ABOUT THIS EXERCISE –
The line with "Una imagen de" marks where to begin; print it and all lines after it in the material below exactly, skipping pictures.

──────── INFORMATION SUPPLIED

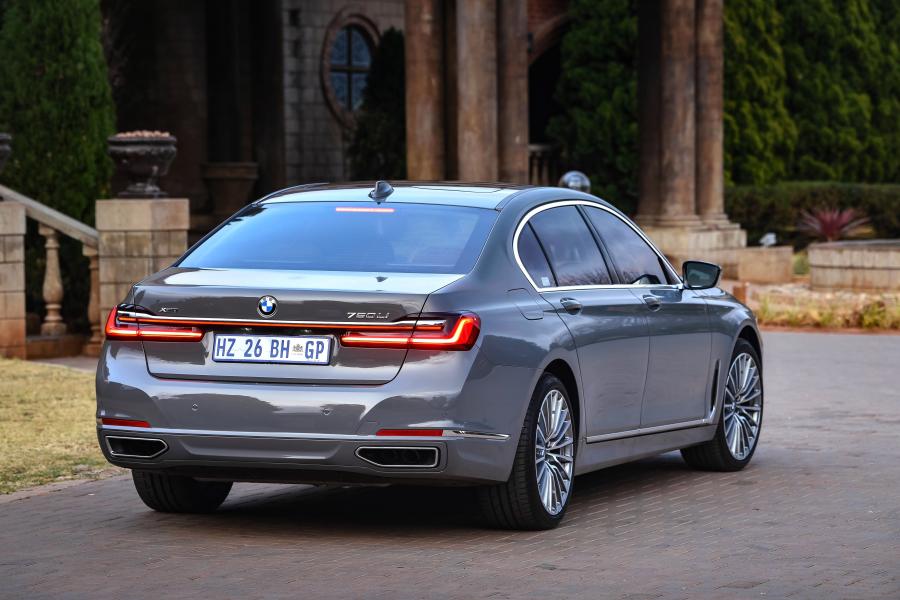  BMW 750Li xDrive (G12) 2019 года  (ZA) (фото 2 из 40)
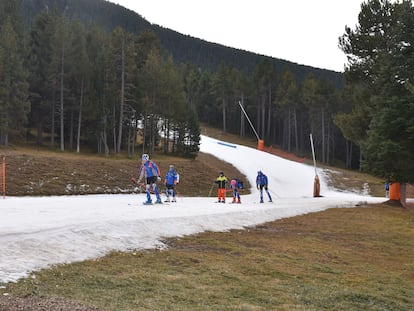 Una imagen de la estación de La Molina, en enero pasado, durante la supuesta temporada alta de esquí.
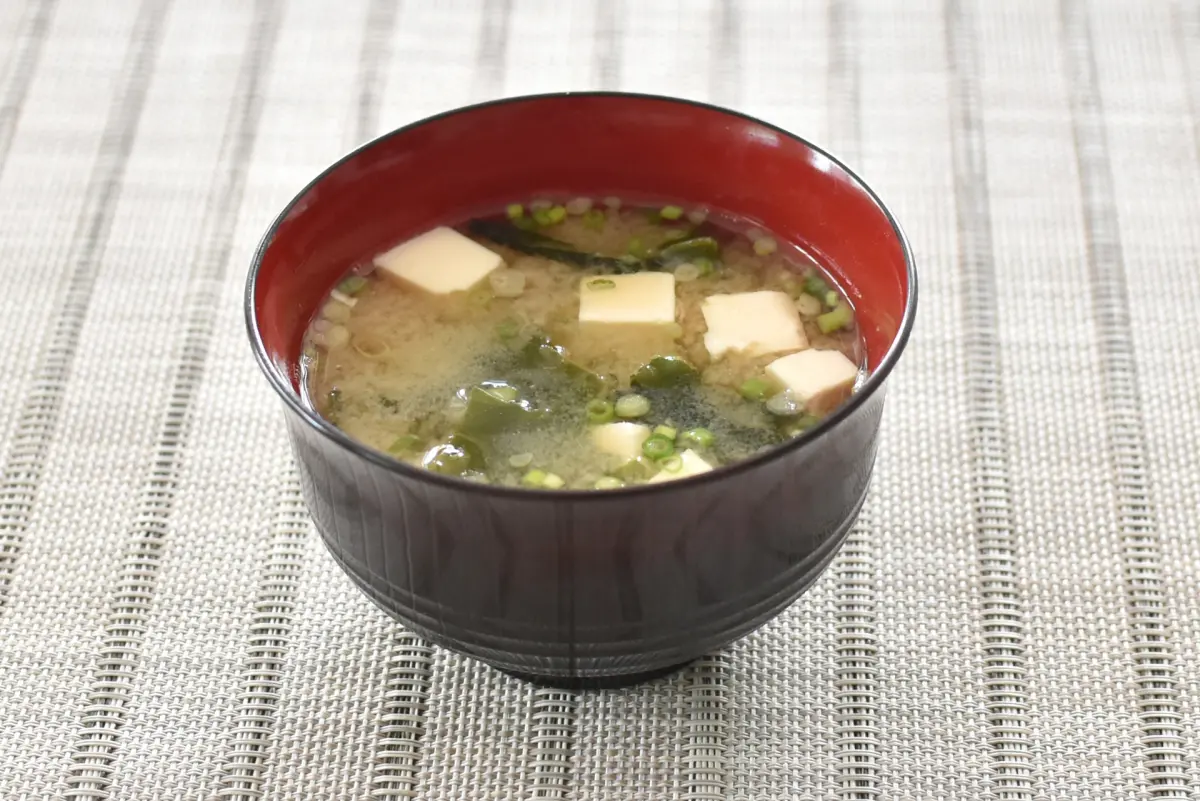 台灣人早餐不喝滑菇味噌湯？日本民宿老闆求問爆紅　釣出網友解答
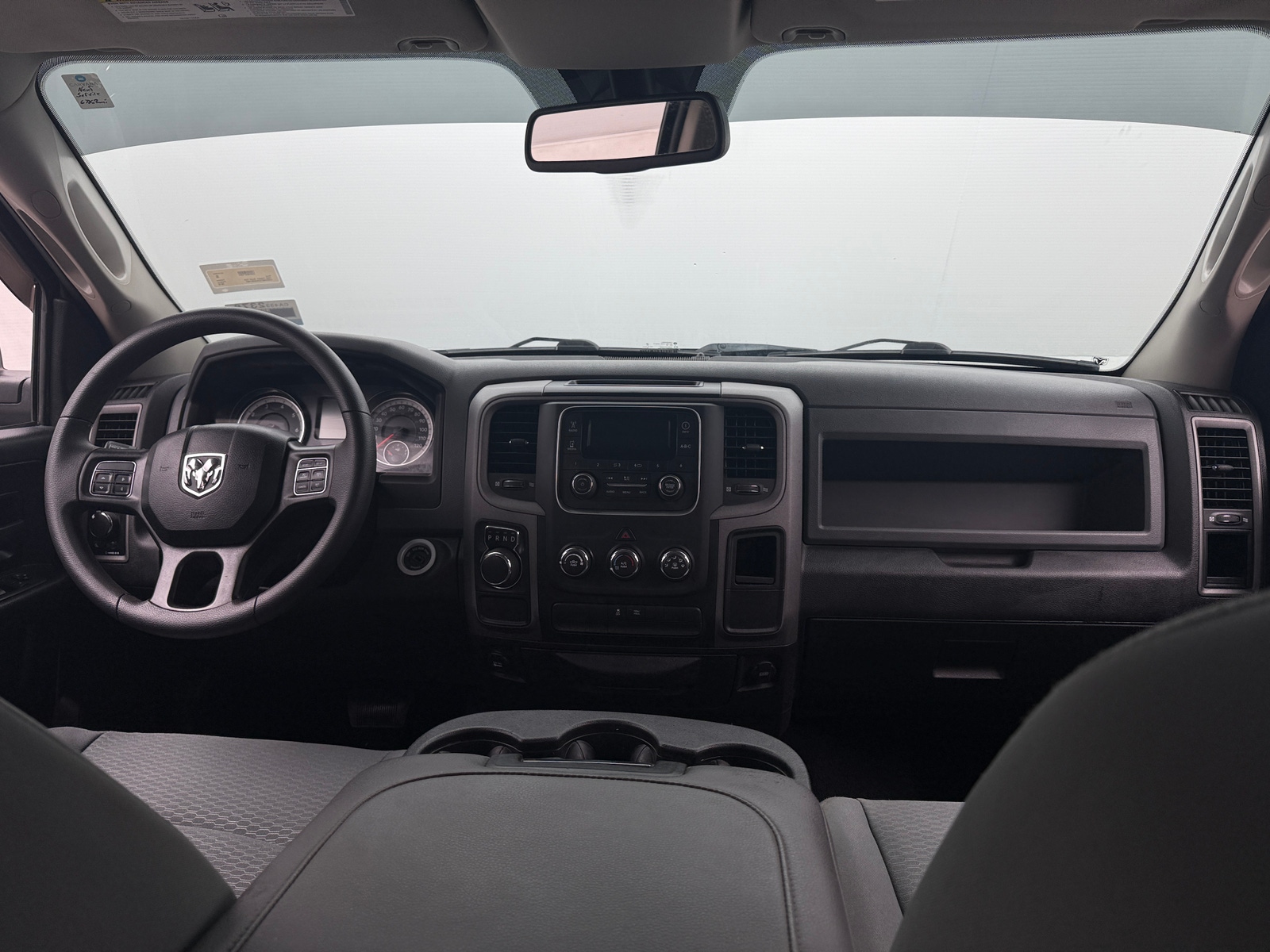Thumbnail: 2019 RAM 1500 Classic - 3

────────────────

RESPONSE TO THIS TASK –
 Una imagen de la estación de La Molina, en enero pasado, durante la supuesta temporada alta de esquí.
 台灣人早餐不喝滑菇味噌湯？日本民宿老闆求問爆紅　釣出網友解答
Thumbnail: 2019 RAM 1500 Classic - 3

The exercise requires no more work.